Based on the outcome Project 2/3.1, an appropriate modelling suite that includes hydrodynamics, waves, and sediment transport was chosen (Delft3D) to model the far-field passive plume. The model was set up and validated using the bathymetry and baseline data collected as part of the Chevron Australia Wheatstone Project, located near Onslow, Western Australia.

The model outputs were assessed against monitoring data from Chevron Australia's Wheatstone Dredging program, including, remote sensing and in-situ data collected in Project 2/3.2. A 20 month hindcast of passive plume dispersal from the dredging project to the furthest extent of the passive plume were compared with the field data and MODIS images (where available). Spatial and temporal variability of plume dispersal under different forcing scenarios and sediment release rates were investigated and reported.
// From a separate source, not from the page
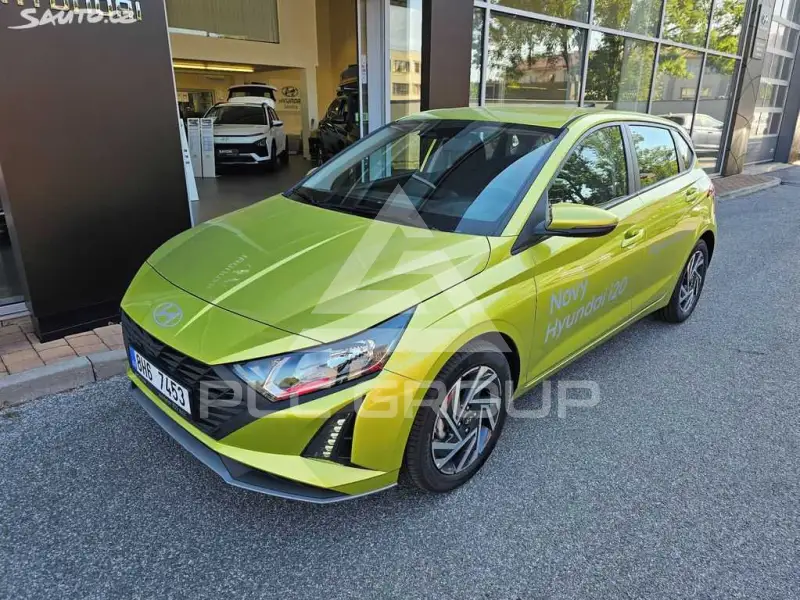 2026 Hyundai I20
This record pertains to the simulation data files.
Lineage: Three models (hydrodynamic, wave and sediment transport models) were set-up for the study site, Chevron Australia's Wheatstone LNG Project, located 12 km west of Onslow (in the Pilbara region of Western Australia). Data from a range of sources were compiled and analysed for use in the study and included electronic and daily dredging logs, current meters, Conductivity Temperature Depth (CTD) measurements, turbidity (NTU) sensors, photosynthetically active radiation (PAR) sensors, sediment traps and multi-beam bathymetric survey data. Data from a field trip completed by CSIRO and Curtain University was also utilised.

A 14-year-long derived TSS dataset for the Pilbara region using Moderate resolution Imaging Spectroradiometer (MODIS) satellite was developed in Dorji et al. (2016).

. A description of the model set-up and results, including details of the sensitivity analysis (and validation of source terms) is included in the Final Report (see online resources link).

Two model output data files are provided in the CSIRO DAP record (see online resources link):

FILE 1 Timeseries output at 14 minute intervals for 256 history points across the model domain (trih-gD1_DSN_Outer.nc)
FILE 2 Map series output at 60 minute intervals for the model domain (trim-gD1_DSN_Outer.nc)

Variable descriptions and units are provided in the file metadata. Example outputs include wave height, peak wave period, suspended solids concentration, water currents, water levels, bed shear stress etc. Simulation data files are in netCDF format with CF-1.6 conventions.